Unfortunately, the habitat for many animal species is in decline. Animals such as the North American wolf have been eliminated from their former range. Some animals such as the coyote have expanded their range by constantly adapting to a changing environment. It is now found in 49 states. Coyotes were not previously found east of the Mississippi River and it has been only recently in this century that they have made a home in Alaska. The nature of the animal together with its physical make up are assets that appear to be unbeatable no matter what measures have been used to eradicate them.

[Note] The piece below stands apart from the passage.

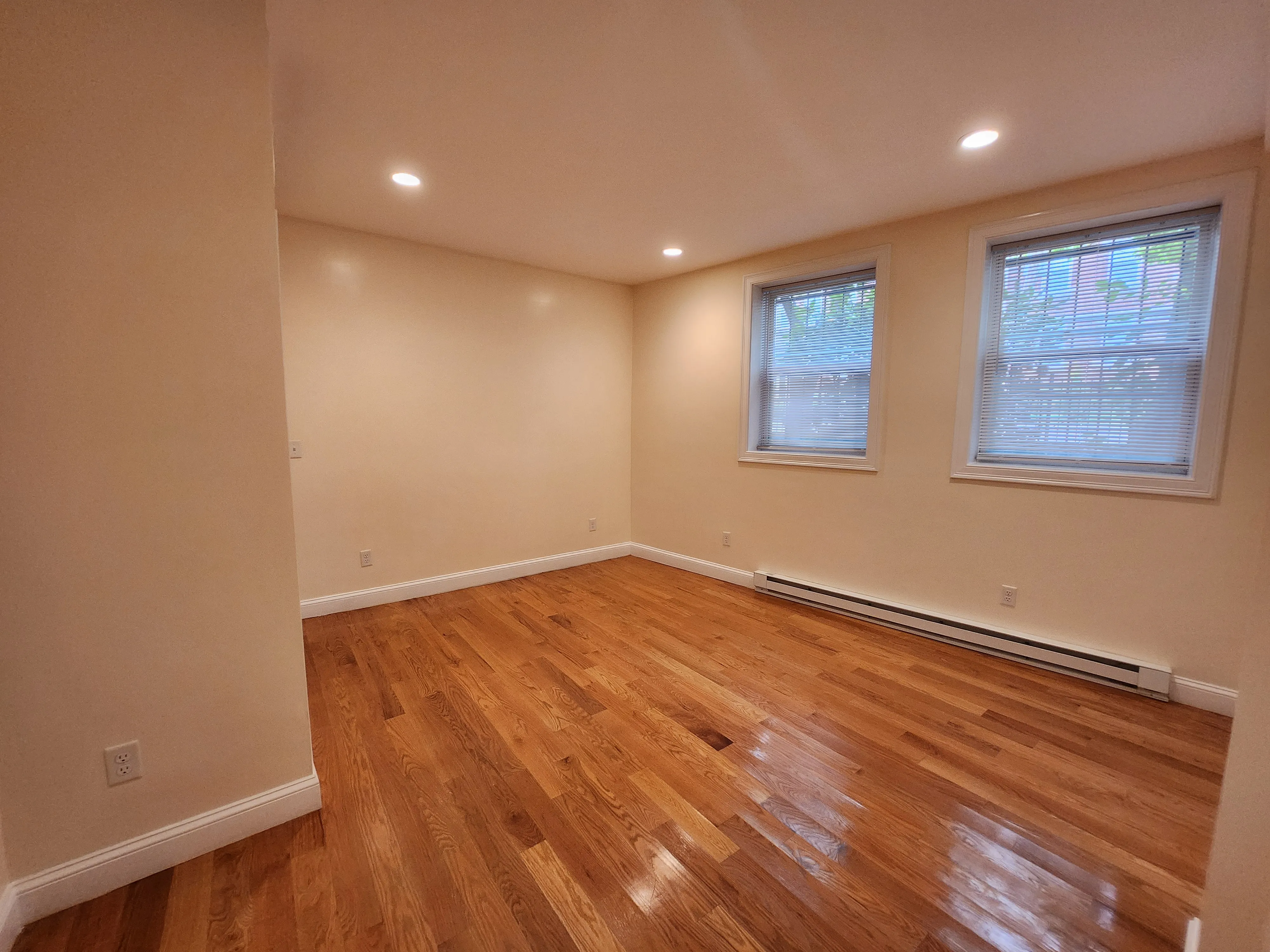 94 Brainerd Rd, Allston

Today, there are certainly more coyotes in North America by a factor of ten to one than there were when Columbus discovered America. This tremendous increase has been due to many factors such as the disappearance of the coyote's fatal enemy, the timber wolf. Man is also the convenient provider of his food by the raising of sheep and other livestock and by man's own immense waste of food resources. Very simply, coyotes are glad to eat whatever humans throw away. Coyotes eat about everything including insects, dates, cantaloupe, avocados, or if hungry enough, what ever is available.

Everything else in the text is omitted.